As a provider, as well as customer, of cloud services (Prodea’s own business is run in the cloud), we know that data is at the heart of IoT, and that companies with connected products and services need to know their data is safe.
When considering cloud SaaS vendors, one of the first questions to ask is: “Will our data be mixed with data from other companies?” We are asked this question by all of our cloud infrastructure customers, even the dominant players. It has to be answered to their satisfaction before they engage.
Why is this so important? Cloud software revisions will require slightly different data type and format to be handled and managed by the cloud applications. Not having separation will make it harder if not impossible to manage these differences. In addition in case of malfunctions, preventing ‘leakage’ of information is most important is easier to achieve with some level of tenant data separation
There are generally three types of database structures for SaaS. There is a great primer on it in Dev.to and in a nutshell it comes down to:
In the case of big consumer applications and email services, tenant separation may not be a cost-efficient solution—and wouldn’t make sense for the Googles, Apples or Amazons of the world that have millions of customers (which would mean millions of database tables). In their case, there are a number of intelligent steps taken, and different strategies at work, to protect the data.

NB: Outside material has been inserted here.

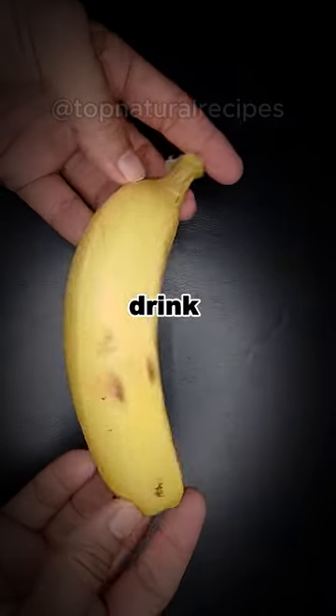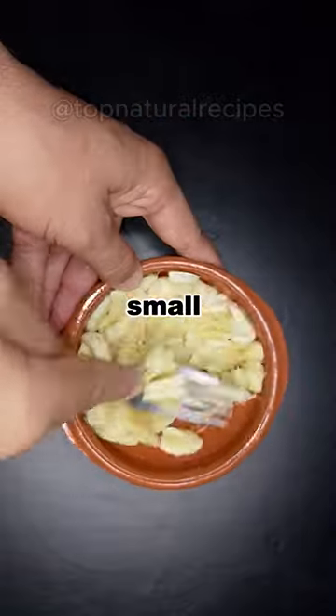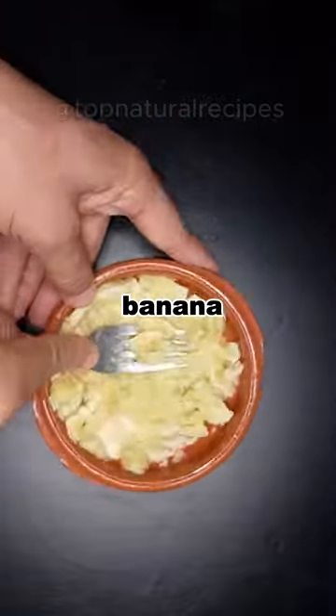Discover a natural aphrodisiac drink with our irresistible banana recipe. Let's begin. From small to mighty, try this tantalizing banana recipe.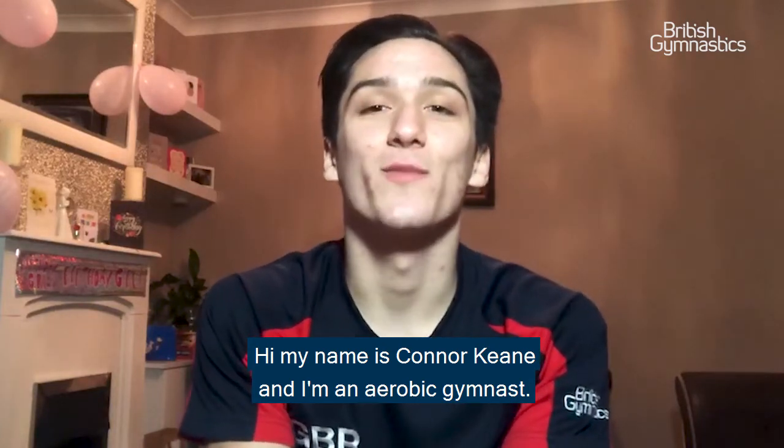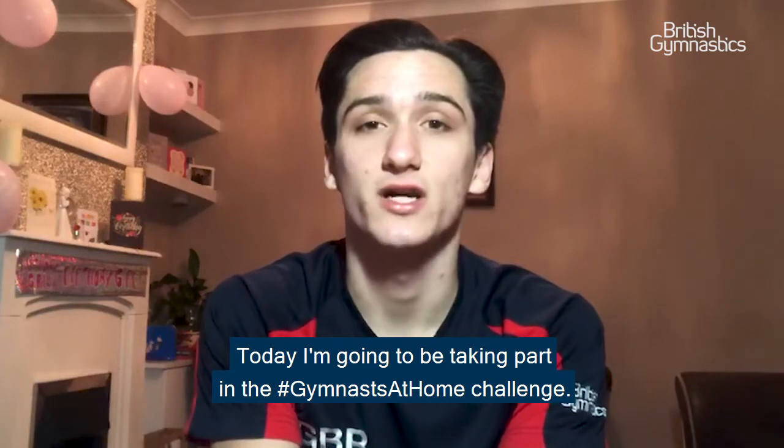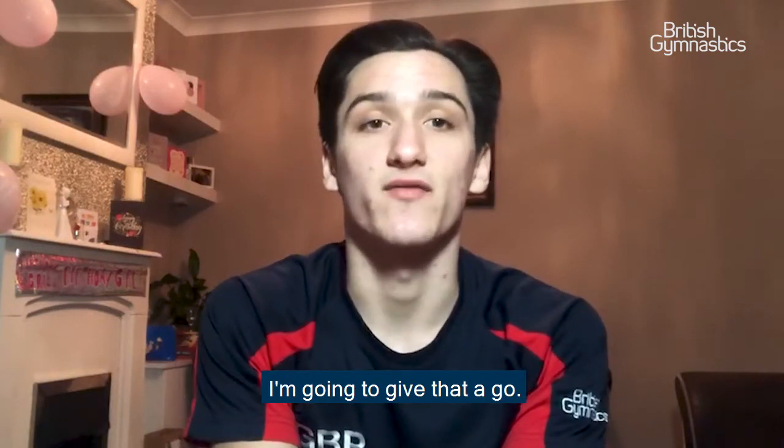Hi, my name is Connor Keaton and I'm an aerobic gymnast. Today I'm going to be taking part in the hashtag Gymnasts at Home challenge. My challenge for today is going to be to balance in a push-up shape with one hand and one leg off the ground for 20 seconds.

But even with very smart people behind the scenes, even big companies like Yahoo have experienced a breach that exposed the data of over 10 million users.
With really sensitive data such as that collected by IoT product companies, it’s extremely important to have a well thought-out and tested strategy for separation of user data—and it’s best for each customer to have their own set of data tables.
Within Prodea’s Arrayent IoT services platform, we use a virtual tenant separation where each customer data is logically separated from others—and we don’t mix data tables between customers. It provides for the dlexibility needed in running slightly different software revisions and enables the level of security that our customer require.
In the case of administration functions, another critical aspect is dual-factor authentication for administration functions. Dual-factor means you don’t only have a username and password, but also one additional item that is required to access a system.
As with tenant separation, there are also different levels of authentication schemes:
1) Single-factor authentication. This is the simplest and it’s something you already know: matching one thing to verify yourself online, like a password to your username.
2) Two-factor authentication In addition to your password/username combo, two-factor authentication asks to verify who you are with something that you, and only you, own, such as a mobile phone or security token.
3) Multi-factor authentication. In addition to the password/username combination, multi-factor authentication requires that a user confirms a group of things to verify their identity. This is usually something they have—like a biometric scan of a fingerprint, palm, or retina—or another form of authentication which can include location and/or time of day.
Multi-factor authentication (MFA) is the standard for administrative access these days. For multi-factor authentication, a security token is something that is generally easier to accomplish than a biometric scan, although a palm scan is also common. The token can be generated with an application on a mobile device that provides a temporary code or time-based token (commonly known as “one time use token”) via an application such as Google Authenticator. This smartphone-based app that works offline allows you to access your sensitive accounts like Slack, Amazon Web Services, your bank account, etc.
The bottom line is that mature enterprises understand why MFA is critical because of what’s at stake.
Prodea’s use of two-factor and multi-factor authentication also helps our customers with regulatory privacy compliance. These procedures help limit the sharing of usernames and passwords which is a problem for administrators who want to eliminate credential sharing. They also create an audit trail for each user which provides another large benefit for Prodea customers.